Between February 2006 and May 2007, Al Kassar agreed to sell to the FARC millions of dollars worth of weapons, including thousands of machine guns, millions of rounds of ammunition, rocket-propelled grenade launchers (RPGs), and surface-to-air missile systems (SAMs). During a series of recorded telephone calls, e-mails, and in-person meetings, Al Kassar agreed to sell the weapons to two confidential sources working with the DEA (the CSs), who represented that they were acquiring these weapons for the FARC, with the specific understanding that the weapons were to be used to attack United States helicopters in Colombia.

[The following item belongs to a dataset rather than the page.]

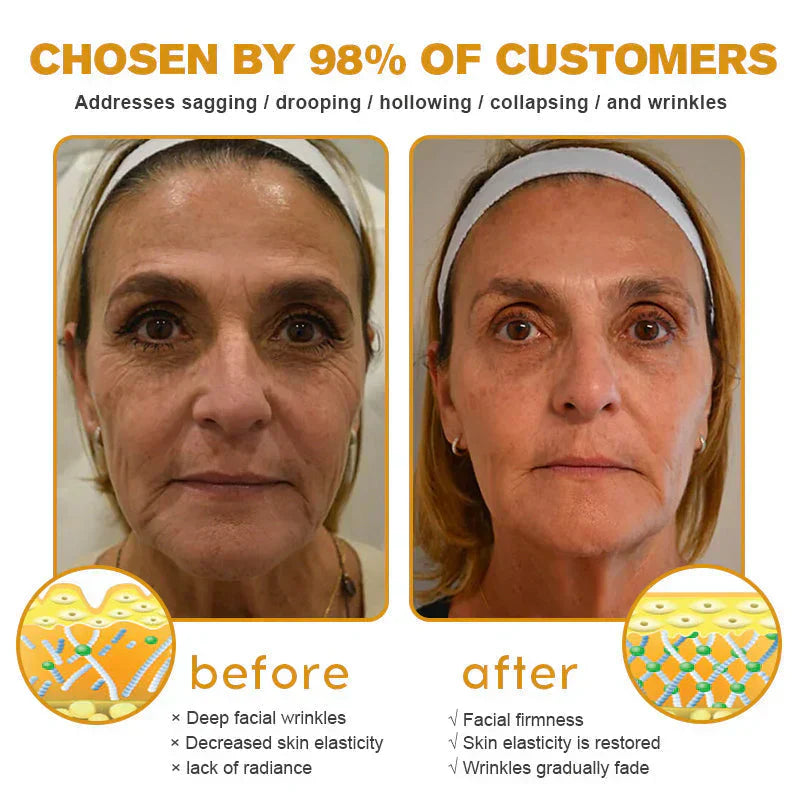 👨‍⚕️ Made and Shipped from US✅  Botox Bee Venom Wrinkle Removal Cream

During their consensually-recorded meetings, Al Kassar provided the CSs with, among other things: (1) a schematic of the vessel to be used to transport the weapons; (2) specifications for the SAMs he agreed to sell to the FARC; and (3) bank accounts in Spain and Lebanon that were ultimately used to receive and conceal more than $400,000 sent from DEA undercover accounts that the CSs represented were FARC drug proceeds for the weapons deal. During his meetings with the CSs, Al Kassar reviewed Nicaraguan end-user certificates that he accepted despite knowing that the arms were destined for the FARC in Colombia. Al Kassar also promised to provide the FARC with ton-quantities of C-4 explosives, as well as expert trainers from Lebanon to teach the FARC how to effectively use C-4 and improvised explosive devices (commonly referred to as IEDs). In addition, Al Kassar offered to send a thousand men to fight with the FARC against United States military officers in Colombia.

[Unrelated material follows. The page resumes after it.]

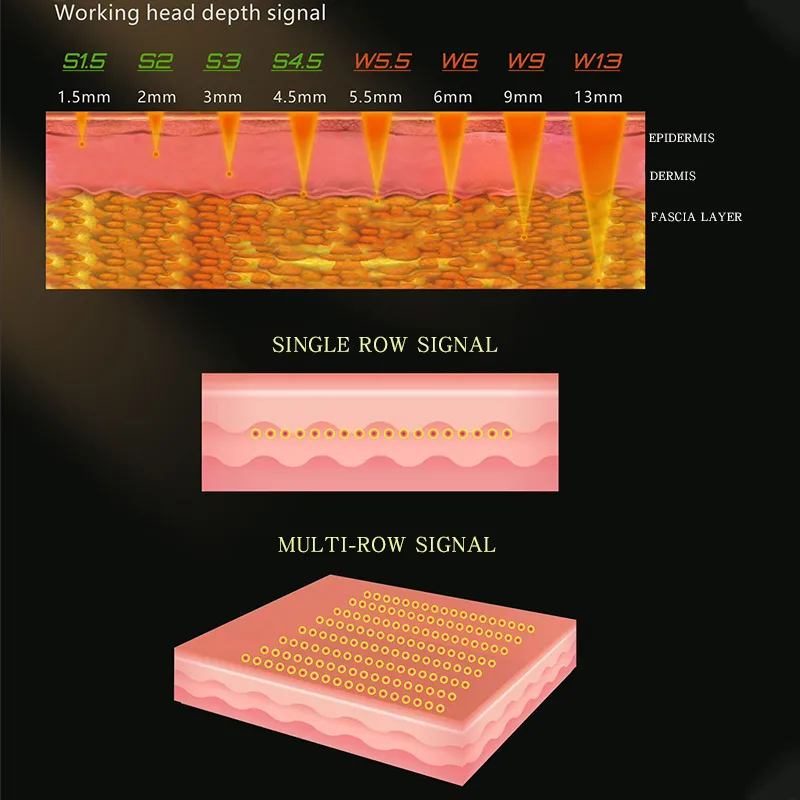 Portable Model 8d Hifu Face Machine Vmax Skin Tightening with 12 Lines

The Indictment charges Al Kassar with four separate terrorism offenses:

Count One: Conspiracy to kill United States nationals, in violation of Title 18, United States Code, Section 2332(b);

Count Two: Conspiracy to kill United States officers or employees, in violation of Title 18, United States Code, Sections 1114 and 1117;

Count Three: Conspiracy to acquire and use anti-aircraft missiles, in violation of Title 18, United States Code, Section 2332g; and

Count Four: Conspiracy to provide material support or resources to a designated foreign terrorist organization, in violation of Title 18,

United States Code, Section 2339B.

In addition, Al Kassar is charged in Count Five with money laundering, in violation of Title 18, United States Code, Section 1956.

The superseding Indictment seeks the forfeiture of an estate located in Marbella, Spain, and all funds contained in three separate bank accounts. The forfeitures represent the alleged proceeds obtained from the charged offenses.

Al Kassar is expected to appear later this afternoon in Magistrate court in Manhattan federal court.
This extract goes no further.